Time: June 11, 2019
- Religion should be seen as ‘part of solution’, interfaith forum told
- 84% of world’s population professes a religious faith or tradition, majority of whom are encouraged by their values to do good, says KAICIID chief
TOKYO: The secretary-general of the King Abdullah bin Abdul Aziz International Center for Interreligious and Intercultural Dialogue (KAICIID), Faisal bin Abdulrahman bin Muammar, has stressed the importance of focusing on common values and ethics to resolve various issues in the world.
In his keynote address at the opening ceremony of the G20 Interfaith Forum in Tokyo on Saturday, he highlighted the importance of dialogue to resolve conflicts and ensure global peace.

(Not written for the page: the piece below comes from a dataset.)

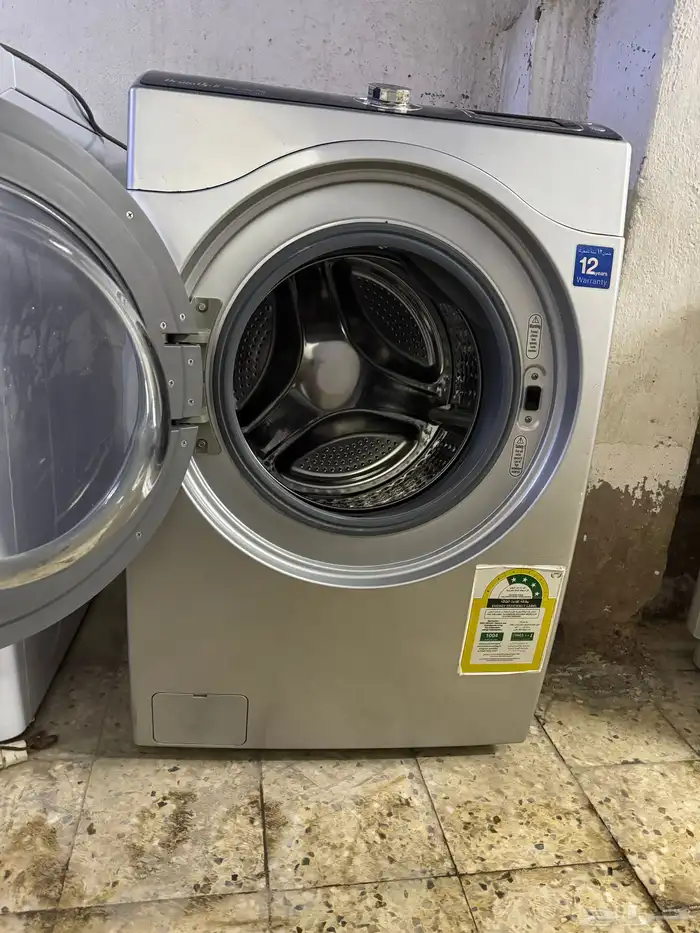 غساله فل اتوماتيك الحجم 13 كيلو 4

The KAICIID chief expressed his pride in his organization’s contributions to and support of previous G20 Interfaith Forums held in Argentina and Germany.
He stressed the importance of the forum in bringing to light the vital work and contributions of religious communities, leaders and organizations, and stated the main goal of the forum was to bring religious insights to the attention of political leaders during the G20 Summit to be held on June 28–29 in Osaka.
Bin Muammar said in addition to wars, violence and climate change, the world is faced with new challenges that need to be addressed, such as technological revolution, digital currency, artificial intelligence and trade disputes.
We cannot achieve peaceful and cohesive societies without engaging religious communities in the dialogue about the problems.
Faisal bin Muammar, KAICIID secretary-general
He pointed out that 84 percent of the world’s population professes a religious faith or tradition, and that the vast majority of these people are encouraged by their values to do good.
“The desire to achieve peace, equality and justice are common to all religions,”he said.
Bin Muammar said: “We must allow religion to be seen as a key part of the solution, and not, as is often the case, the cause of the problem. There can be no more excuse for blaming religion or religious leaders.
“We need to encourage policymakers to embrace the tremendous force for good that the faith community, faith actors and faith-based organizations represent in our world.”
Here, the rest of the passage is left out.